* Problem description
From the following material, say how many lines have "Kids" in them; write only the number.

* Provided records
━━━━━━
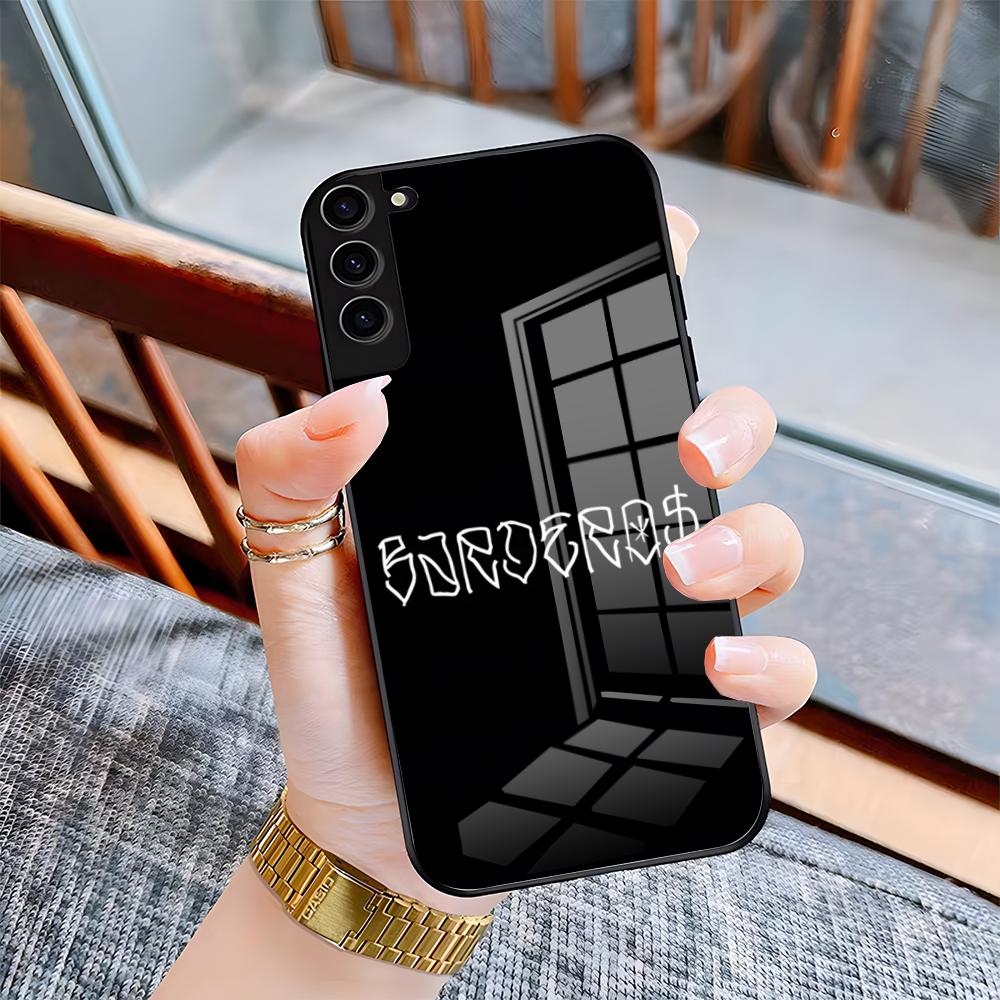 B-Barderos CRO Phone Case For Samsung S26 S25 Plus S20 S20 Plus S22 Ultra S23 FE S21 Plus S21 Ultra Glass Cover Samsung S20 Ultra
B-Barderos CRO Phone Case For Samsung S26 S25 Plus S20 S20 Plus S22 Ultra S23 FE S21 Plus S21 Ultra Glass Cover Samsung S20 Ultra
━━━━━━
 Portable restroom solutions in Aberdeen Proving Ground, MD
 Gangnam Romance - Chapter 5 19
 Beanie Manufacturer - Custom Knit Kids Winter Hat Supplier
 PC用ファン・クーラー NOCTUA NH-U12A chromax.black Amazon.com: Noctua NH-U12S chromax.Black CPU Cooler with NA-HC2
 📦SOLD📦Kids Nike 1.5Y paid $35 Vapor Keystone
━━━━━━
* Completed task
2